What is expected: Type out the data below in its entirety, exactly as given.

Supplied data:
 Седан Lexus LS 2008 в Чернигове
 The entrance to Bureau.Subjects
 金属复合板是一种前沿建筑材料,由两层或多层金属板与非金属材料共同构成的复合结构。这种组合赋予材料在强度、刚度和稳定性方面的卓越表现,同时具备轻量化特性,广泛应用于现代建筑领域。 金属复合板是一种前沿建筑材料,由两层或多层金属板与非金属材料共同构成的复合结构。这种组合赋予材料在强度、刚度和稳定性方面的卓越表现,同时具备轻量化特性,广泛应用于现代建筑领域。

Response:
 Седан Lexus LS 2008 в Чернигове
 The entrance to Bureau.Subjects
 金属复合板是一种前沿建筑材料,由两层或多层金属板与非金属材料共同构成的复合结构。这种组合赋予材料在强度、刚度和稳定性方面的卓越表现,同时具备轻量化特性,广泛应用于现代建筑领域。 金属复合板是一种前沿建筑材料,由两层或多层金属板与非金属材料共同构成的复合结构。这种组合赋予材料在强度、刚度和稳定性方面的卓越表现,同时具备轻量化特性,广泛应用于现代建筑领域。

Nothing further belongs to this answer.